(Task to carry out):
Write out exactly the lines below from the one containing "this 640×480 image." to the last, both ends kept, and nothing more; skip all pictures.

(Collected data):
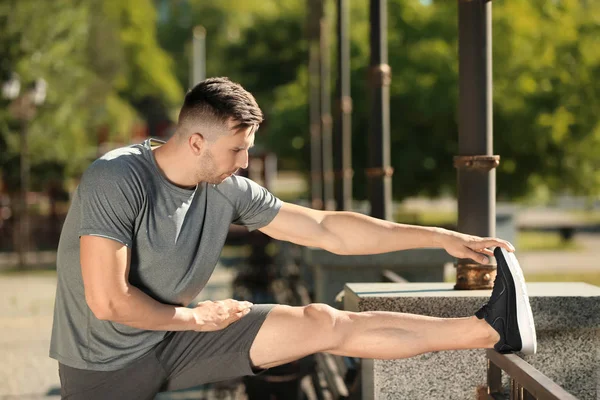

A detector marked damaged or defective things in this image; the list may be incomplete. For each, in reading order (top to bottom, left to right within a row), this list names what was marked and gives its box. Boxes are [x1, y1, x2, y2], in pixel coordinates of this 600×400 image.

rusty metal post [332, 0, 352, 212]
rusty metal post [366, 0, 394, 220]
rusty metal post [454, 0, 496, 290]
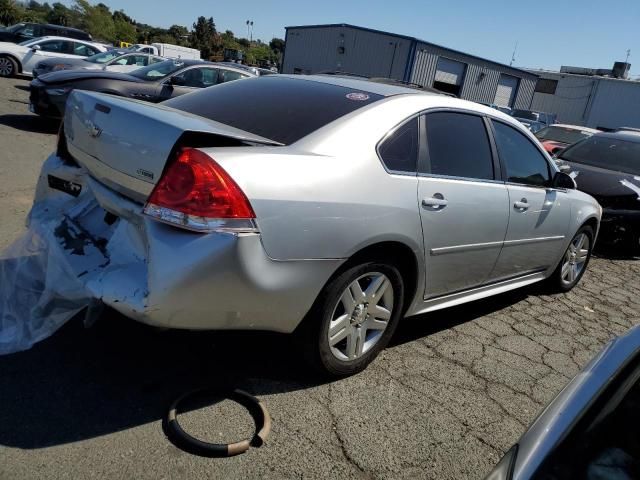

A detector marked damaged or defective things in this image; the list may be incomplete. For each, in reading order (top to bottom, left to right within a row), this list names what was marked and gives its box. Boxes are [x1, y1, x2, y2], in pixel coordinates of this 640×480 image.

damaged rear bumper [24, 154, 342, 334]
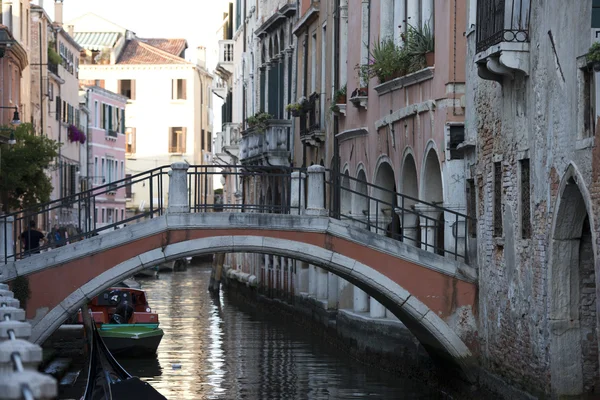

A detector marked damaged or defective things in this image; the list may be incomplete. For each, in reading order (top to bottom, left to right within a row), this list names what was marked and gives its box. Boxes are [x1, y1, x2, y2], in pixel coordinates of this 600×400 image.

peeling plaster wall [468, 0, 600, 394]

(Written answer):
A detector marked damaged or defective things in this image; the list may be incomplete. For each, in reading order (top to bottom, left to right within a row), this list names what was marked and gives its box. Boxes are [x1, y1, x2, y2], in pixel coordinates of this 640×480 image.

damaged rear bumper [24, 154, 342, 334]

A detector marked damaged or defective things in this image; the list may be incomplete. For each, in reading order (top to bottom, left to right within a row), this list names what was marked and gives its box. Boxes are [x1, y1, x2, y2], in pixel coordinates of this 600×400 image.

peeling plaster wall [468, 0, 600, 394]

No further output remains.